-- Input data follows --

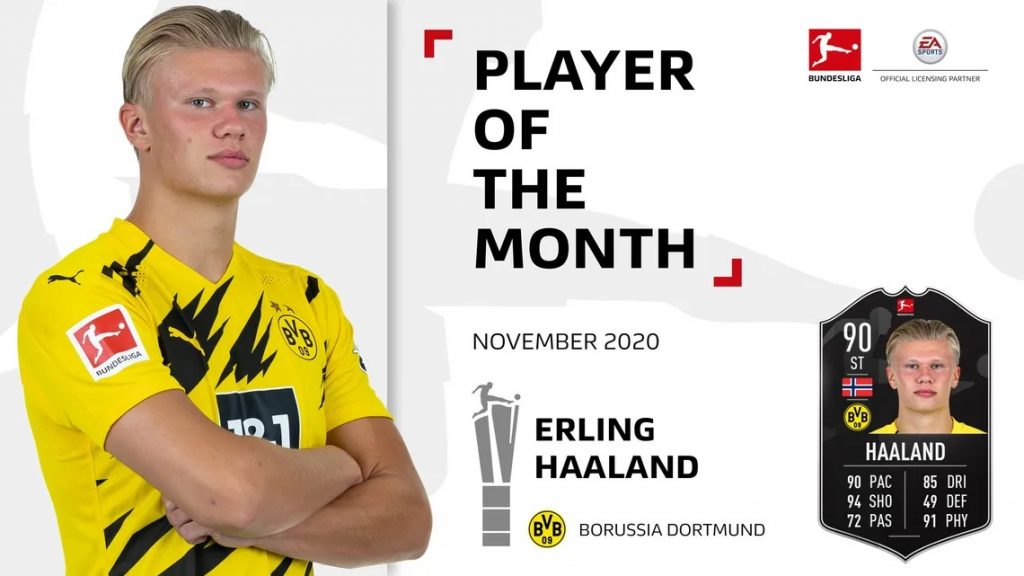 Haaland POTM novembre Bundesliga FIFA 21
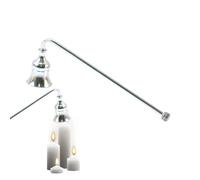 Kerzenlöscher - Metalldocht aus rostfreiem Stahl, polierte Flamme aus Stahl, Glockendesign, Einweihungswerkzeug | Zubehör zum sicheren Aufstellen eines Badehauses mit Griff zum Geburtstag, duftend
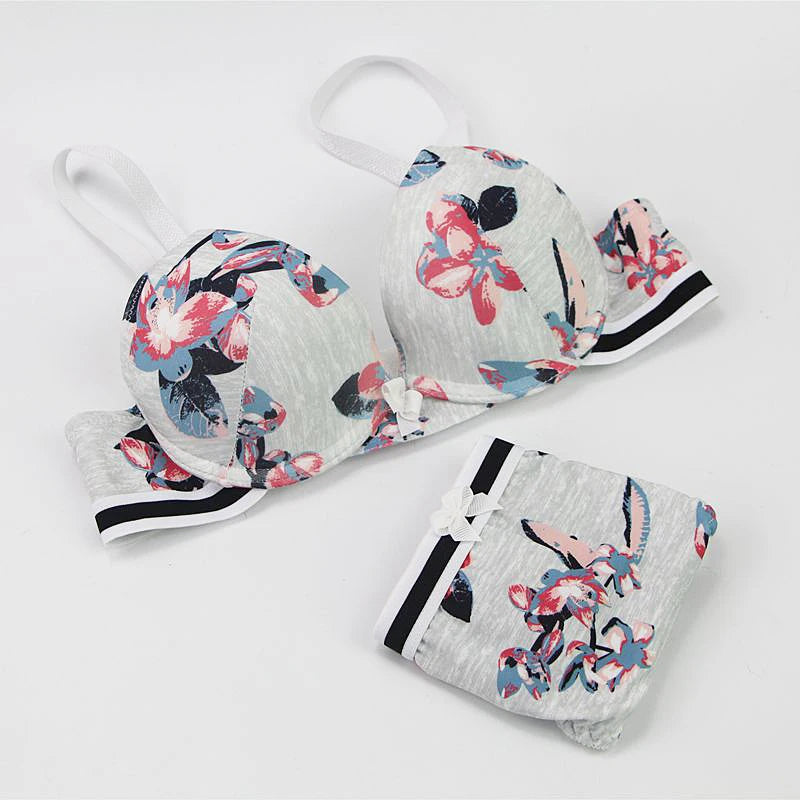 Ensemble soutien-gorge et culotte push-up sexy sans coutures pour femmes
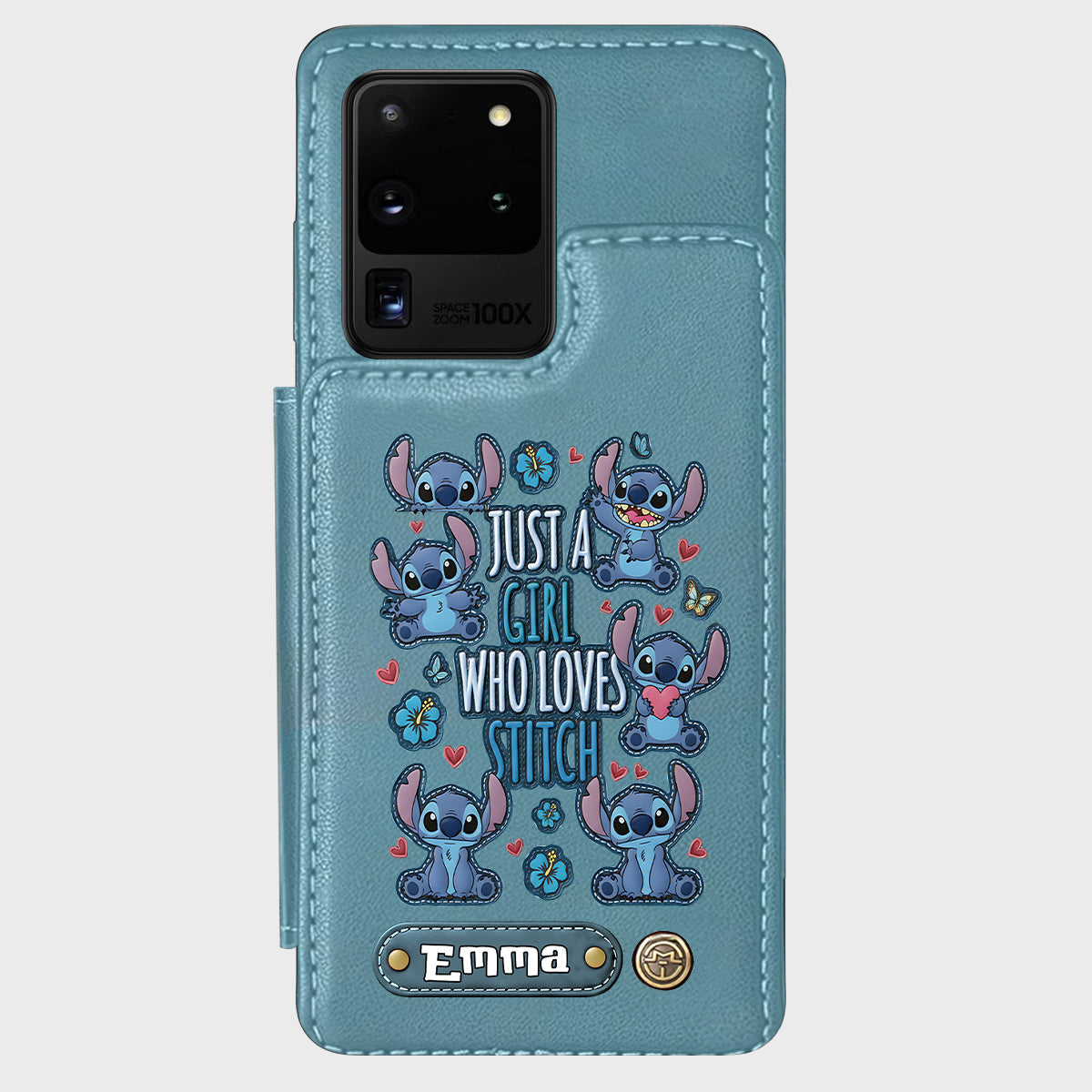 Just A Girl Who Loves Stitch - Personalized Ohana Wallet Phone Case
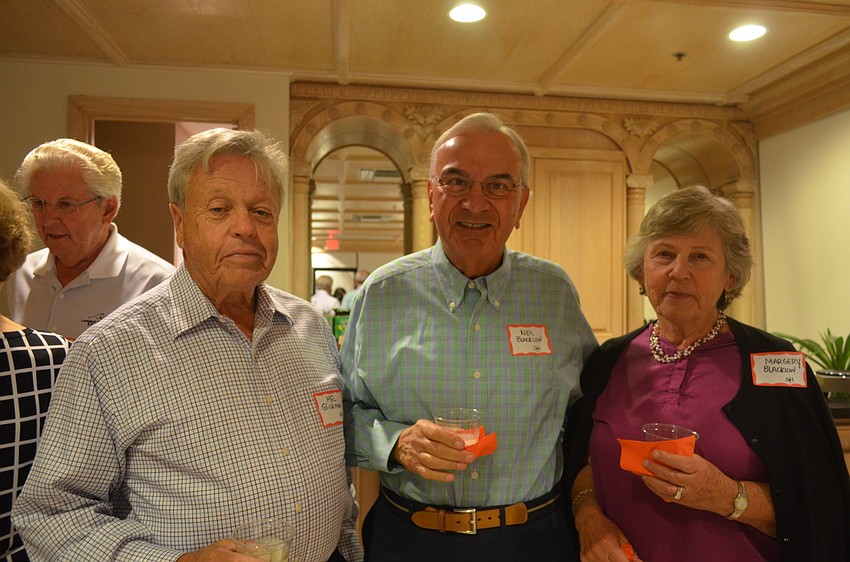 Mel Glickman with Neil and Margery Blacklow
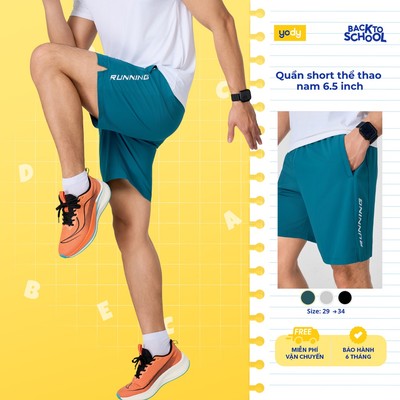 Quần short nam Yody thể thao 6.5 Inch Running cạp chun co giãn, chất nhẹ thoáng mát MAJT26S016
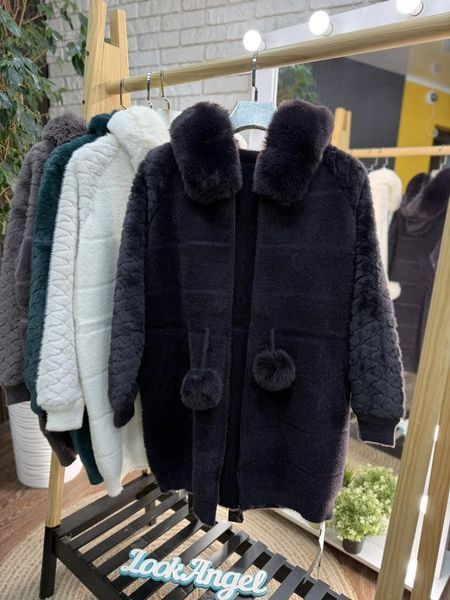 Неймовірний жіночий кардиган, тканина "Альпака" 54, 56, 58, 60, 62, 64 розмір 54 20823-54 фото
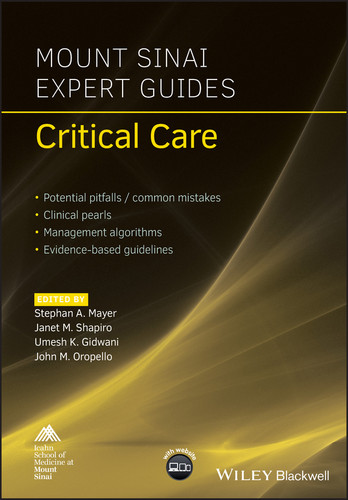 Mount Sinai Expert Guides: Critical Care (Mount Sinai Expert Guides) book cover by 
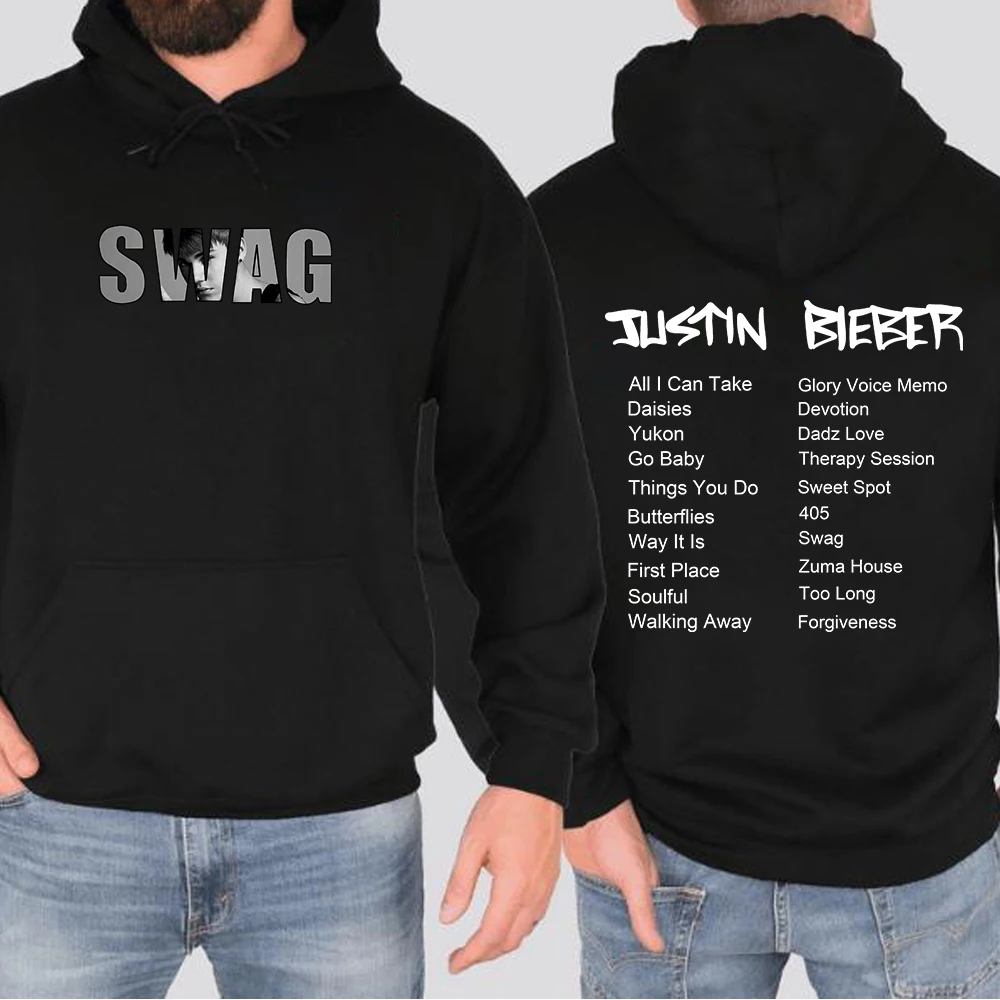 

Bieber New Album Swag Толстовка Мужчины Женщины Уличная одежда с длинным рукавом Хип-хоп Толстовки Y2K Одежда Мужчины Повседневные топы Забавный подарок фанату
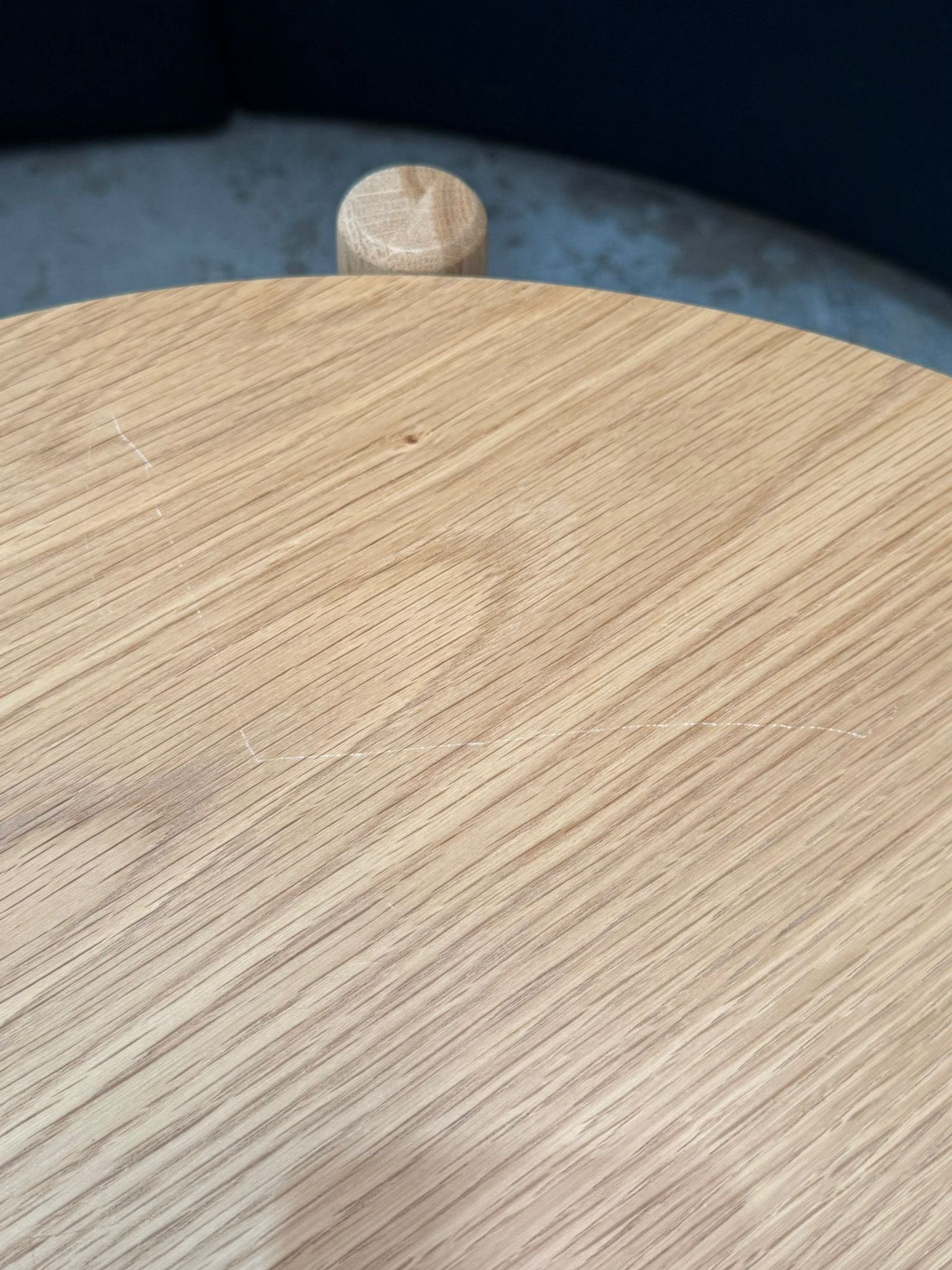 Modern Scandinavian-Inspired Round Coffee Table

-- Input data concluded --

_Work required_. Respond with the exact lines above running from the one containing "Mel Glickman with Neil and Margery Blacklow" to the one containing "Mount Sinai Expert Guides: Critical", both ends kept and no pictures included.

_Output for this task_.
 Mel Glickman with Neil and Margery Blacklow
 Quần short nam Yody thể thao 6.5 Inch Running cạp chun co giãn, chất nhẹ thoáng mát MAJT26S016
 Неймовірний жіночий кардиган, тканина "Альпака" 54, 56, 58, 60, 62, 64 розмір 54 20823-54 фото
 Mount Sinai Expert Guides: Critical Care (Mount Sinai Expert Guides) book cover by 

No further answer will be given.